The problem:
What you give back from the listing below should be an exact copy of the lines from the one with "Terraço no telhado" down to the one with "Three young men drinking beer", and it should contain no pictures.

Material provided:
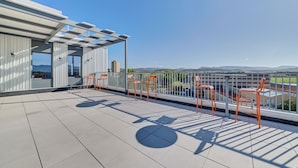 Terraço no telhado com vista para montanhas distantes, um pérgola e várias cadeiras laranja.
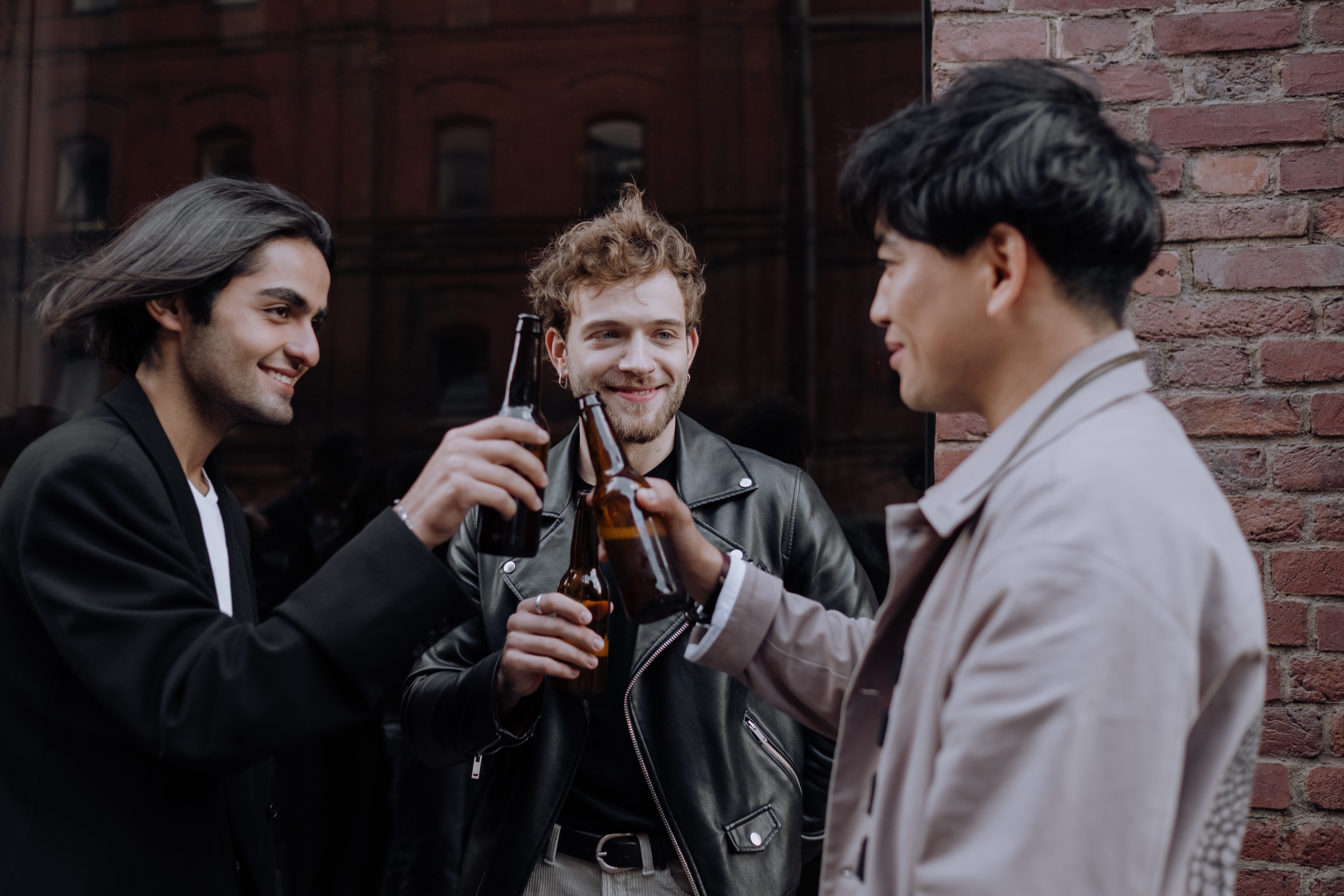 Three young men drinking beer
...
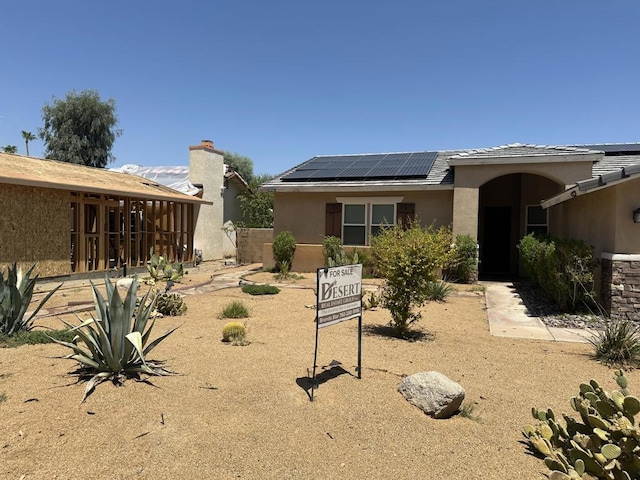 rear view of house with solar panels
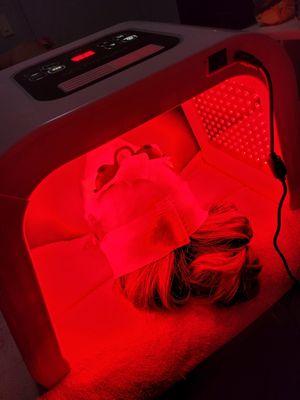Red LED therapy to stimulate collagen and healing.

Expected output:
 Terraço no telhado com vista para montanhas distantes, um pérgola e várias cadeiras laranja.
 Three young men drinking beer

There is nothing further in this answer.